■ **Raw data**

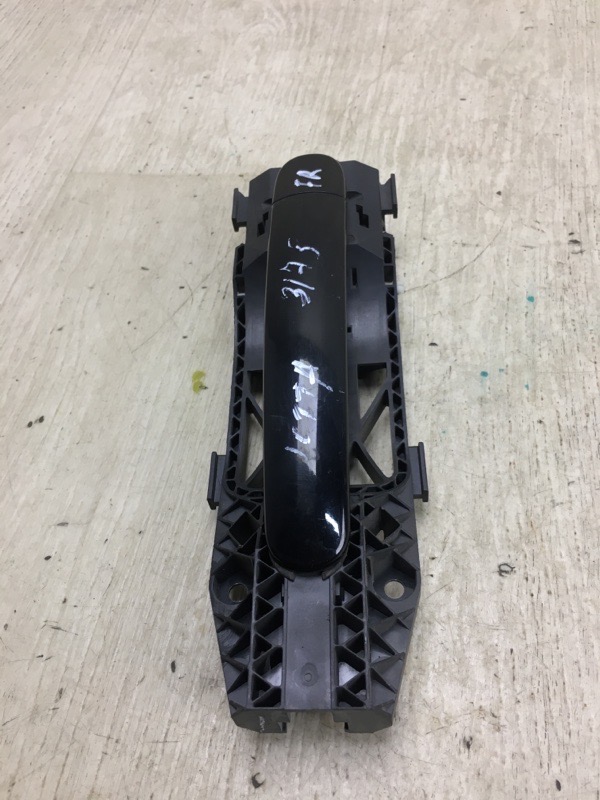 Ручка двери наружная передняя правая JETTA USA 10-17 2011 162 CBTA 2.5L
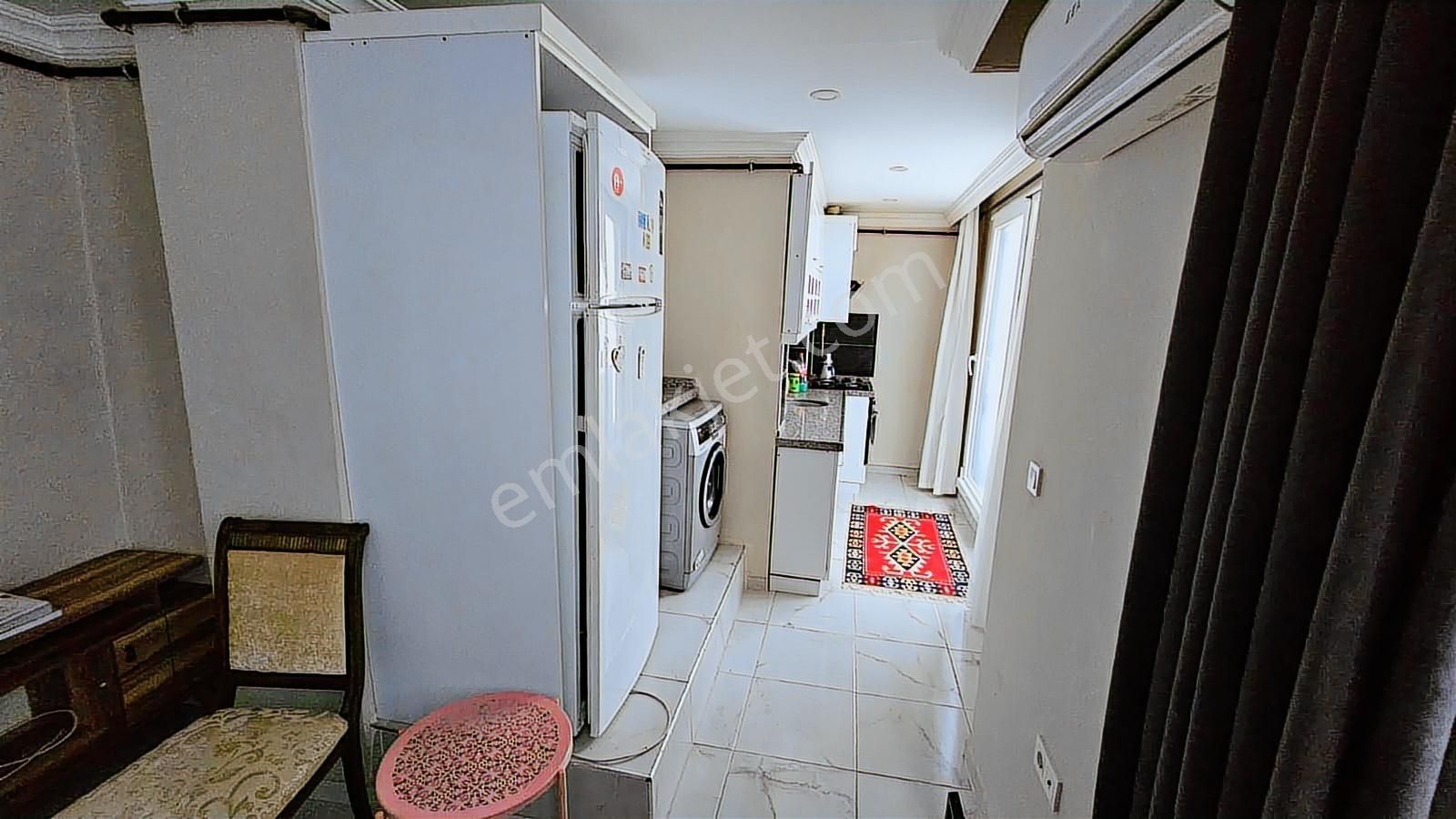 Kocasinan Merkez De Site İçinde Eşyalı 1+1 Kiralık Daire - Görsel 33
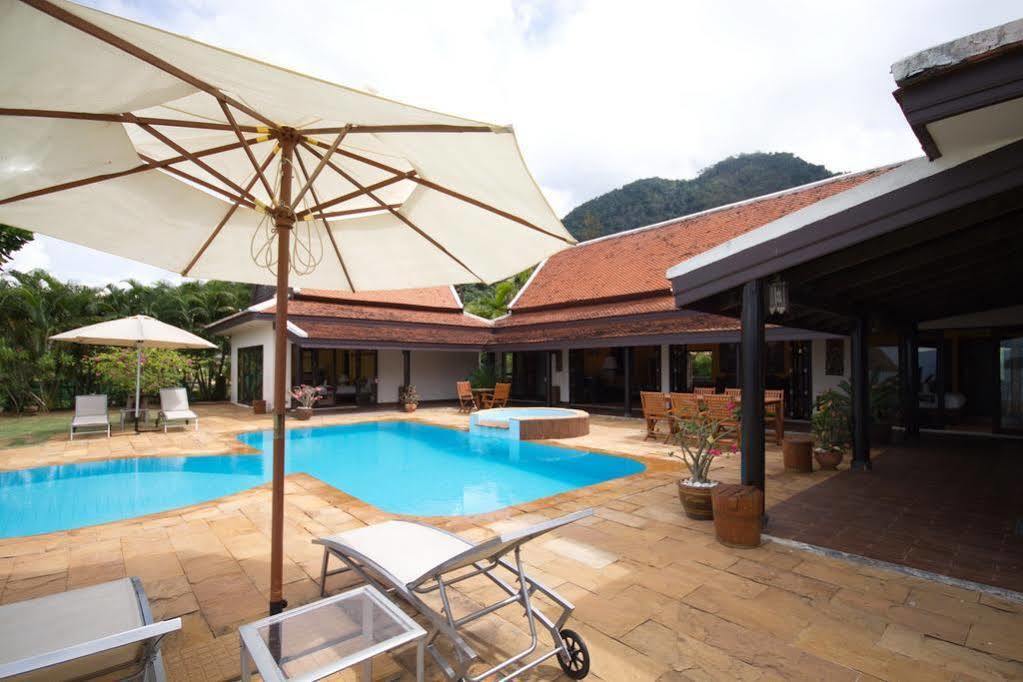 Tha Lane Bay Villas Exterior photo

■ **Assigned task**
Copy the whole listing exactly, excluding the pictures in it.

■ **The completed task**
 Ручка двери наружная передняя правая JETTA USA 10-17 2011 162 CBTA 2.5L
 Kocasinan Merkez De Site İçinde Eşyalı 1+1 Kiralık Daire - Görsel 33
 Tha Lane Bay Villas Exterior photo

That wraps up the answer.